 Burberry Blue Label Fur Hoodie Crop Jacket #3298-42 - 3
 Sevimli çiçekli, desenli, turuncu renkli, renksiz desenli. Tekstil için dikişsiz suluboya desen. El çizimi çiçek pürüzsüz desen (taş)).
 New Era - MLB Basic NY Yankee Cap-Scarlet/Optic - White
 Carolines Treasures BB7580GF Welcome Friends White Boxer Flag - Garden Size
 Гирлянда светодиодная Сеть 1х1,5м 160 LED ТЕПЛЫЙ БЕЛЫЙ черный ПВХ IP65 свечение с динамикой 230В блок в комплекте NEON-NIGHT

..............................

■ TASK: Starting at the line that contains "New Era - MLB", output every remaining line of the data exactly, and stop after the last one.

■ SOLUTION TO THIS EXERCISE:
 New Era - MLB Basic NY Yankee Cap-Scarlet/Optic - White
 Carolines Treasures BB7580GF Welcome Friends White Boxer Flag - Garden Size
 Гирлянда светодиодная Сеть 1х1,5м 160 LED ТЕПЛЫЙ БЕЛЫЙ черный ПВХ IP65 свечение с динамикой 230В блок в комплекте NEON-NIGHT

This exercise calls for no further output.